Et pourtant, on peut régulièrement lire des sorties où l’auteur trouve tout à fait normal de descendre en W à midi et d’avoir une neige trafolée béton. Ben ouais, parce que ça fait 30 ans qu’il descend avant 12-13h quel que soit les conditions et l’itinéraire, et donc si c’est en W en neige transfo, il a toujours eu de la neige béton, c’est normal, on n’y peut rien, c’est l’itinéraire qui veut ça, et de toute façon en ski de rando on n’a jamais de bonne neige (La montagne enneigée nous autorise déjà à lui monter dessus en ski, c’est un privilège, on ne va pas en plus exiger d’avoir de la bonne neige à la descente, faut pas pousser.)
Voilà pourquoi je dis qu’il faut mettre à la poubelle les règles toute faites de bon sens, et plutôt raisonner depuis les données de bases. Et bien sûr établir petit à petit ses propres règles, mais dont on connait les limites, et adaptées à sa pratique. Comme ce sont nos propres règles, on ne devrait avoir aucun scrupule à les remettre en cause et à les faire évoluer, si on a de nouvelles données ou si notre pratique évolue (en pratique certains ont du mal à remettre en cause leurs propre règles, car c’est aussi s’avouer avoir utilisé des règles fausses depuis 20-30 ans, la blessure d’amour propre serait trop grande, ils préfèrent ne pas changer leurs règles, ce qui peut mener à des incidents/accidents).
Ou ça peut engendrer le fait de devoir attendre 2h que le soleil arrive et dégèle suffisamment la pente visée, attente éventuellement dans un petit vent frais, histoire d’avoir les muscles bien froid quand il s’agira d’attaquer la descente.
Si on en est conscient et qu’on en tient compte, pas de problème, mais ça ajoute une difficulté à gérer.
Tout comme partir tard pour ne pas avoir à attendre au sommet engendre le fait de devoir gérer une montée en plein cagnard.
Oui oui, les erreurs sur l’heure de départ sont souvent dans le sens trop tard que trop tôt.
Mais c’était juste un exemple de « bon sens » que tout le monde connait.
Autre exemple : Camptocamp.org
But au pied d’un couloir à cause de purges de neige fraiche dans les parois voisines. D’autres personnes ont continué, les purges se sont arrêtées, et il n’y a eu aucune coulée dans le couloir, juste des boulettes qui ont roulé depuis des rochers.
Qui a fait preuve de « bon sens » ?
A mon avis, il ne faut pas chercher du « bon sens » dans le fait de renoncer ou de continuer.

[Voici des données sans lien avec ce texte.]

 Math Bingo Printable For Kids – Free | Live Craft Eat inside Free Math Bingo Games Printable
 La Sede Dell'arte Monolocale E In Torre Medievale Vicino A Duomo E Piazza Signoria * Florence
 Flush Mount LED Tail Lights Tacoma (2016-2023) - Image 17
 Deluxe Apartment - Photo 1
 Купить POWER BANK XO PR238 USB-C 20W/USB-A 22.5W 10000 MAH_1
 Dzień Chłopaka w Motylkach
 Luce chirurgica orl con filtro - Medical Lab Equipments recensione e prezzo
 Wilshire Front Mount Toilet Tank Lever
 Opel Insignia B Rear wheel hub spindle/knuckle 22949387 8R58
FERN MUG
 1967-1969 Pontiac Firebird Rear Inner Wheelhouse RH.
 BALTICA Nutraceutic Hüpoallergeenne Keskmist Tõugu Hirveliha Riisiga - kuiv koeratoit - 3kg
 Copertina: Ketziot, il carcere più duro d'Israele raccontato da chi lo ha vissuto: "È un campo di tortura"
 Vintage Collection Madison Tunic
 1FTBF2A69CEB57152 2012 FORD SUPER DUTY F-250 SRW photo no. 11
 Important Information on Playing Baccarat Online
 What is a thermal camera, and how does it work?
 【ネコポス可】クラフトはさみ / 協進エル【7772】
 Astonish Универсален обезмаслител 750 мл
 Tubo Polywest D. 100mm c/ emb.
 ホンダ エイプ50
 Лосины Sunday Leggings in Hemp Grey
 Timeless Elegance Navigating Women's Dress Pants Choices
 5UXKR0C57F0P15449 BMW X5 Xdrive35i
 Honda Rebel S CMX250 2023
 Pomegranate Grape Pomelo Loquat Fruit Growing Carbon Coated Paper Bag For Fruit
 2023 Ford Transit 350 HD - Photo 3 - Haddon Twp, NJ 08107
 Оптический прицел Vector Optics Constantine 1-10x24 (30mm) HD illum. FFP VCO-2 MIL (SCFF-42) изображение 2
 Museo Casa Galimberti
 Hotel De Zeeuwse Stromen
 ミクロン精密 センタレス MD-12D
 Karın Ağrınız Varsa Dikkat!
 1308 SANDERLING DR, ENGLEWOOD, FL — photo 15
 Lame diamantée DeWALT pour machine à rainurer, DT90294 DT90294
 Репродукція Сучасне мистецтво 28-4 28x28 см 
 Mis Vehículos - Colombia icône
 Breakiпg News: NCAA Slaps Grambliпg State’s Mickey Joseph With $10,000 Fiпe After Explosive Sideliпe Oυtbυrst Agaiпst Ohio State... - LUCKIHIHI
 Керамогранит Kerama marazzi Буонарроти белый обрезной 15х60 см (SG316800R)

C’est juste que la décision de chacune des personnes dépend de leurs connaissances, en particulier ici du risque de coulée dans ce couloir le lendemain de chute de 10-20cm, à telle période, avec tel iso, tel vent etc. Si on ne fréquente pas beaucoup les couloirs de ce coin, on aura tendance à plus vite renoncer. Mais qqun qui y vient souvent, ou qui fréquente un coin similaire, saura mieux évaluer le risque pour ce type de couloir avec ce type de conditions.